On Tuesday, the Dutch champions travelled to the Bernebeau for the gargantuan task of over-turning a 2-1 home defeat by holders Real Madrid. But then...
Goals from Hakim Zyech, David Neres, Dusan Tadic and Lasse Schone gave the four-time winners of the competition a night to remember in the Spanish capital. However, Serbian Tadic's goal was a source of protestation for Los Blancos after a suggestion the ball had crossed the line for a throw-in in the build-up to his 62nd-minute strike.
Referee Felix Brych did not conduct an on-field review to determine for himself had right-back Noussair Mazraoui kept the whole of the ball in play after camera angles used for VAR proved inconclusive in determining whether the ball had indeed gone out. The German instead relied on the information of his assistant, who was adamant that the goal should stand. And this got the big UEFA green tick. Well done lads.
Then came frenetic Wednesday.
PSG looked to be holding on by the skin of their sausages to progress on aggregate, despite trailing Manchester United 2-1 at the Parc des Princes until Diego Dalot's audacious long-range effort struck the flailing arm of Presnel Kimpembe in the dying moments.
And whilst the video assistant took his time in relaying to on-field referee Damir Skomina that he should indeed consult his pitch-side monitor.
Europe held it's breath whilst the Slovenian batted away a remonstrating Ole Gunnar Solskjaer, before electrifyingly awarding United a belated spot-kick, on the grounds that the defender had made his body bigger with the use of his arm, impeding the route of Dalot's strike to goal.
UEFA have now explained the decision.
Following the on-field review, the referee confirmed that the distance that the ball travelled was not short and the impact could therefore not be unexpected. The defender’s arm was not close to the body, which made the defender’s body bigger thus resulting in the ball being stopped from travelling in the direction of the goal.
Marcus Rashford smashed in the penalty and United booked their place in the quarter-finals on the away goals rule.
Video assistant for the Porto - Roma game, Szymon Marciniak was also in the thick of things having alerted match referee Cüneyt Çakır to a holding offence committed by Roma's Alessandro Florenzi late into extra time at the home of the Portuguese champions. The Turkish whistler pointed to the spot after review, and Alex Telles duly converted from 12 yards sending the home side into a 4-3 aggregate lead.
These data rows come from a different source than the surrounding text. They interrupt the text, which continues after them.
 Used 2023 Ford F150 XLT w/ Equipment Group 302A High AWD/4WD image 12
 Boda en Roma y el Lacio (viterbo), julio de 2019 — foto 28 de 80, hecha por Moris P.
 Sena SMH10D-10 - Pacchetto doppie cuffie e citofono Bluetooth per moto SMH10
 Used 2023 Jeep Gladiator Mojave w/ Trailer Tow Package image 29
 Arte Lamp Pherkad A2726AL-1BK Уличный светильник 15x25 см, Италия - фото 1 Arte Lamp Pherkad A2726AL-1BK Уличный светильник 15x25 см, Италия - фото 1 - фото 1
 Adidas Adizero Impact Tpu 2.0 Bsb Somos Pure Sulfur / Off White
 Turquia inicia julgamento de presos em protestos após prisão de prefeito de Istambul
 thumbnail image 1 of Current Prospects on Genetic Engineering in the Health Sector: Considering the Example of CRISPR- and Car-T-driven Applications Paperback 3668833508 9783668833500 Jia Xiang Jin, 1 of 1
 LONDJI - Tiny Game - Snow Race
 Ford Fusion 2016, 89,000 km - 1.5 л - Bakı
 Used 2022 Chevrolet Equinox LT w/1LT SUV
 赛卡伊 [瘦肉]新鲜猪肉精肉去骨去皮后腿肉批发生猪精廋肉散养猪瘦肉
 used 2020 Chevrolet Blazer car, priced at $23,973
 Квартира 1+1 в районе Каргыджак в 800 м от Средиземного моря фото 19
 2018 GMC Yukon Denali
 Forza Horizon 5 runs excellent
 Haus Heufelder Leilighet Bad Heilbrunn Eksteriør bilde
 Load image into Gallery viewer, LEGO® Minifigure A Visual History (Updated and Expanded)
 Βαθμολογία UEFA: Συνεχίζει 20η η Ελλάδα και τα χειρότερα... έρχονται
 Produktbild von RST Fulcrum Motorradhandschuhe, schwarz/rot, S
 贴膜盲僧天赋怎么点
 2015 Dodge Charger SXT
There was further drama to follow, however, as Roma thought they too should have been awarded a penalty in injury-time at the end of the extra periods when Patrick Schick went down in the box after attention from Moussa Marega.
On this occasion, however, Çakır did not conduct an on-field review. He had been close enough to make a call on the action himself but did allow VAR to check for any reason why his own decision should be overruled. They found none, and the triumph of justice continues.